Supplied information:
-- -- --

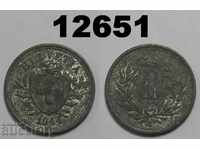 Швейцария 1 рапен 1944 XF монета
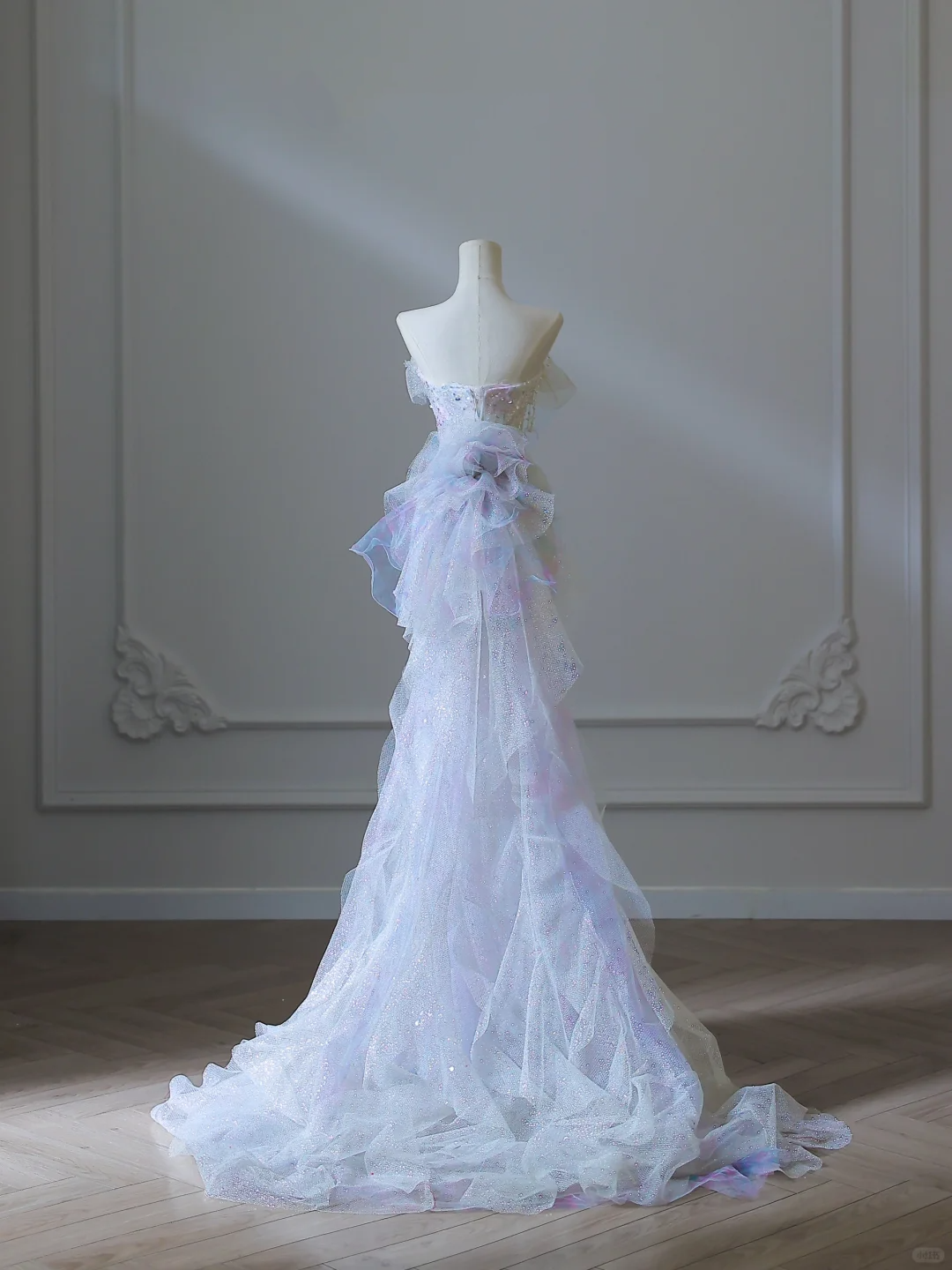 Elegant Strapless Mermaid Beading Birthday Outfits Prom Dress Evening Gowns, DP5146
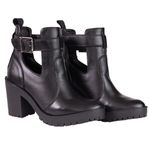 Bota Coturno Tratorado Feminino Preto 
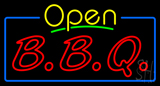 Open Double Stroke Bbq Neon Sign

-- -- --

Reproduce the data above in full, exactly, with the images removed.

Result:
 Швейцария 1 рапен 1944 XF монета
 Elegant Strapless Mermaid Beading Birthday Outfits Prom Dress Evening Gowns, DP5146
 Bota Coturno Tratorado Feminino Preto 
 Open Double Stroke Bbq Neon Sign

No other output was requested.